The only waits allowed are YOUNGER REQUESTERS waiting for OLDER HOLDERS.
Assumes blocking waits only (e.g., if requester waits, it waits idly)
Never a cycle in WFG. Why not?
M Luo, M.S. 87; M Radhakrishnan, M.S. 92; and T Wang, M.S. 96 advanced this
protocol as their M.S. theses (and also published their results).
WAIT_DIE: When a requesting trans (the requester) finds that the
requested data item is held by another trans (the holder):
if REQUESTER is OLDER (has lower timestamp),
then REQUESTER WAITS,
else REQUESTER DIES;
NOTES:
WD is non-preemptive.
W. Yao modified wound-wait and wait-die to allow forward and backward waiting
by introducing an additional parameter assigned to each waiting trans,
called "orientation". (Info Sci Journal, V103:1-4, pp. 23-26, 1997.)
Wait-Die and Wound-Wait
deadlock AVOIDANCE (avoiding deadlock when it's about to happen)
1. Request Denial: Deny any request that would result in deadlock
(must check WFG cycle every time a wait is requested)
DEADLOCK DETECTION and RESOLUTION TECHNIQUES
All Deadlock detection/resolution protocols revolve around Wait-For-Graph (WFG)
put an edge in WFG representing each new wait,
periodic analysis WFG for cycles and then
select a victim trans to restart from each cycle.
Victim selection criteria can vary.
Some system use "youngest" others use "oldest",
others use "been waiting the longest time" and still
others use "been waiting the shortest time".....
TIMEOUT
1. When a TRANSACTION BEGINs, a timeout clock is set.
If transaction is still active when the timeout clock runs down to zero,
then transaction is aborted.
2. When a TRANSACTION has to WAIT, a timeout clock is set.
If transaction is still waiting when the timeout clock runs down to zero,
then transaction is aborted. (reduces timeout clock overhead)
Potential improvements probably leap to mind for 2, e.g.,
2.1 only set timeout clock if the item requested is already in LockTable
(meaning that there is already a wait in progress for that item).
General Notes:
Deadlock management is still a very important area of research and there's still
much to be done, even though there are many methods described in the literature.
One reason: Deadlocks which involves data distributed across a network
are a much harder problem than centralized deadlocks.
Locking, as a concurrency control method,
REQUIRES a CENTRALIZED lock-table object (logically at least)
with a SINGLE THREADED lock manager (a monitor or critical section)
The Locking protocols presented above are called PESSIMISTIC
OPTIMISTIC Locking assumes there will be no conflict
and then tests that assumption for validity at COMMIT time.
If assumption proved false, entire (completed) transaction is aborted.
OTHER CONCURRENCY CONTROL METHODS
---------------------------------
BASIC TIMESTAMP ORDERING (BTO) is a RESTART POLICY (no waiting)
Each transaction gets a unique timestamp (ts) (usually arrival time)
Note that timestamps were introduced already in the context of deadlock
management schemes to accompany Locking Concurrency Control.
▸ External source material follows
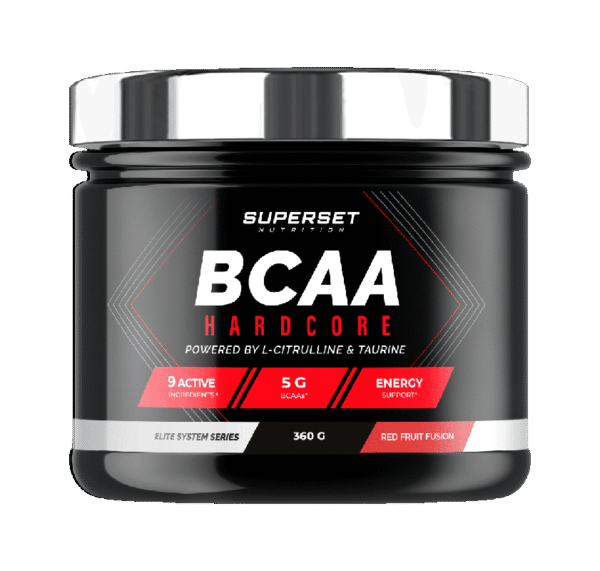 BCAA HARDCORE – Goût Fruits Rouges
Now we are going
to use timestamps for concurrency control itself! (not deadlock management
will be necessary here since the CC method is "restart" method, not "waiting"
method).
BTO SCHEDULING DECISION:
When Scheduler receives a READ request, it rejects it iff a
YOUNGER trans has written that item.
When Scheduler receives a WRITE request, it rejects it iff a
YOUNGER trans has written or read that item.
NOTES on BTO:
Timestamp is usually "arrival time" but can be ANY linear ordering.
When the SCHEDULER rejects a request, the requesting trans restarts.
BTO must also schedule accepted operations to DM in ts order also.
In order to make the SCHEDULE decisions,
scheduler must know ts of last transaction to write each item and
ts of last transaction to read each item.
Thus, the system must keep both of these "data-item timestamps"
for EVERY data item, x, in the system,
a data item read timestamp, rts(x), and
a data item write timestamp, wts(x).
Usually kept right with the data item itself:
.--------------------+--------+--------.
| data_item(x) | rts(x) | wts(x) |
`--------------------+--------+--------'
That takes a lot of extra space
e.g. 10 billion data items (records) in DB (not uncommon),
data-item-timestamps may take up 160 GB,
assuming 8 byte ts (note that 4 bytes won't do).
BTO is a pure RESART policy (uses only restart conflict resolution.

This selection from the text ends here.